To align truly with this week's focus, that of the History of Networks, I thought I would add a few lines in my blog about how this strikes me...
We have seen how people interact and that a group of people or entities, who have an effect on each other constitutes a network. The networks of all time, over eons and ages, were formed by similarities of thinking and focused viewpoints. Let's take Socrates, for example. He had a network of friends, but because of his association with the local community, he was accused of corrupting the youth of that community with his ideologies.

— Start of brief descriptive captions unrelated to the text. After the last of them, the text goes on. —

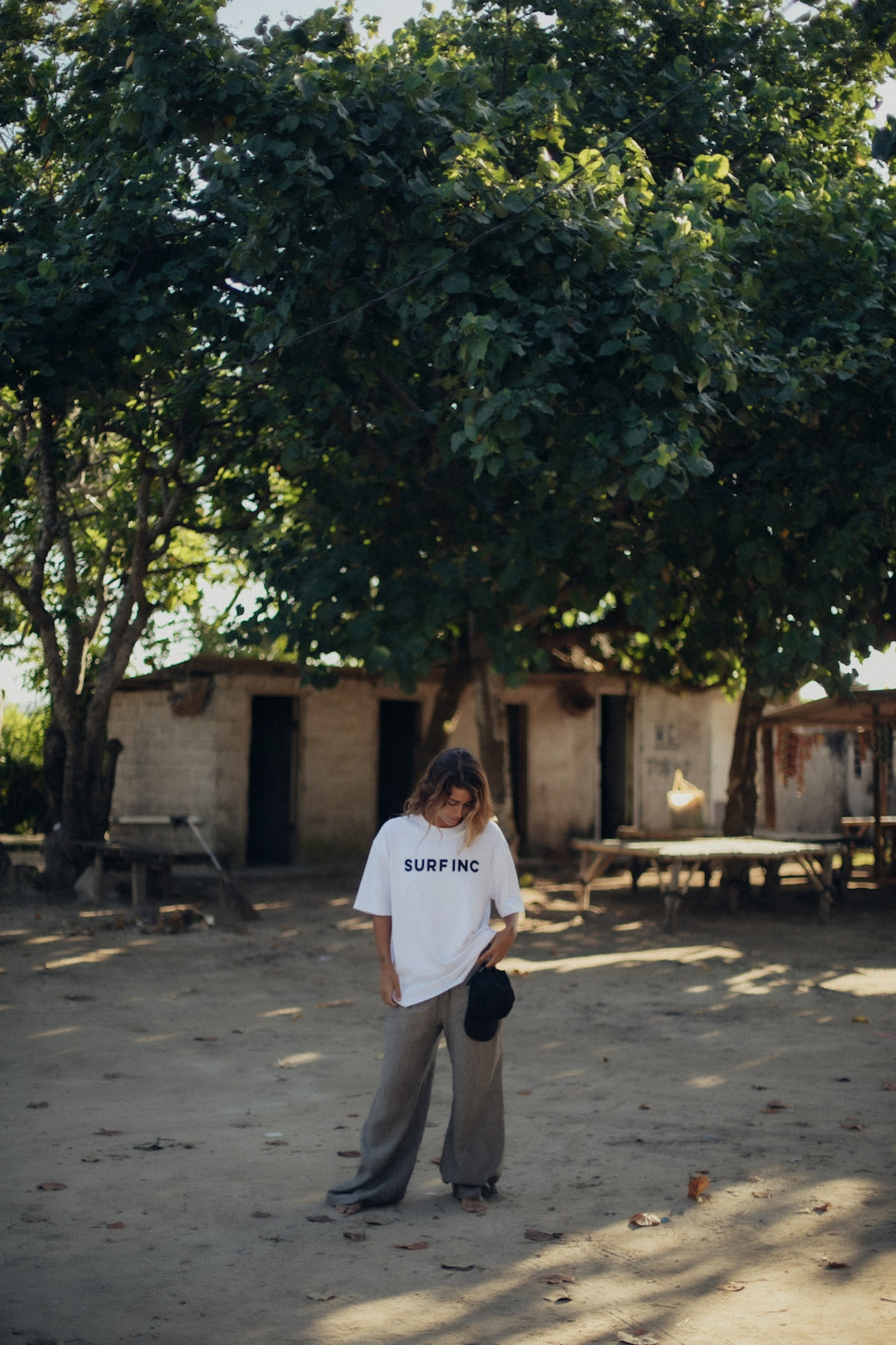 Logo Tee - Paper White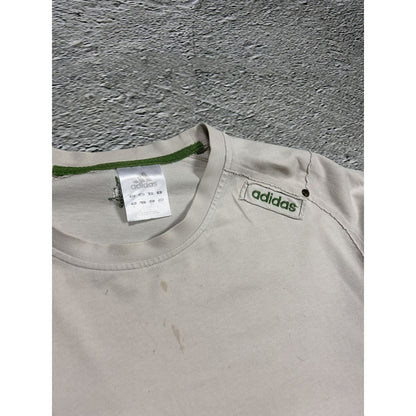 Adidas vintage longsleeve Y2K opium beige
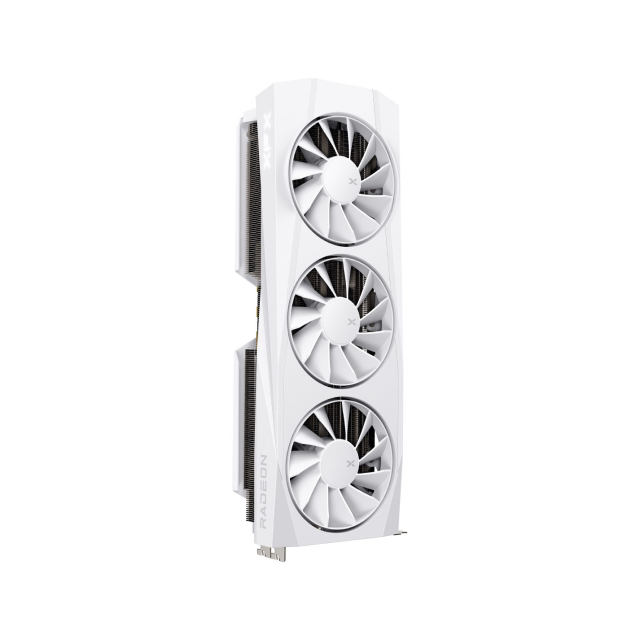 Tarjeta de Video XFX Quicksilver AMD Radeon RX 9070XT | 16 GB  GDDR6 | 256bit | 3 Ventiladores | White Gaming Edition | RX-97TQICKW9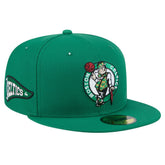 NBA Boston Celtics Throwback Pennant 59FIFTY Fitted Hat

I was led to think about networks of people who have lived and who have already passed on and who presumably belong to a different age, and I was struck particularly by a line or two from a historic novel about seventeenth century Venice. This quote comes from Barbara Quick's novel, "Vivaldi's Virgins" and tells a story about the agelessness of music even though by definition, the statement she makes paints a completely different picture!
"What more can a mere musician possibly hope for?
Music cannot be kept or captured. It unfurls in one miraculous moment in time, and then it's gone. The glorious sound of Marietta's voice in a cantabile aria will be forever lost after she is dead and all of us who ever heard her are dead, too. No matter how well I manage to play, my playing will be forgotten when all those who have heard me have died." (Quick, Vivaldi's Virgins, 254)
This really rings false in this age of shared music, royalty hearings and other copyright legislation, doesn't it? But the network to which Anna Maria belonged had none of the instantaneousness of today's world. Life was indeed slower and possibly more predictable, but nonetheless a valid network of like-minded individuals, having an effect on those people who were around them.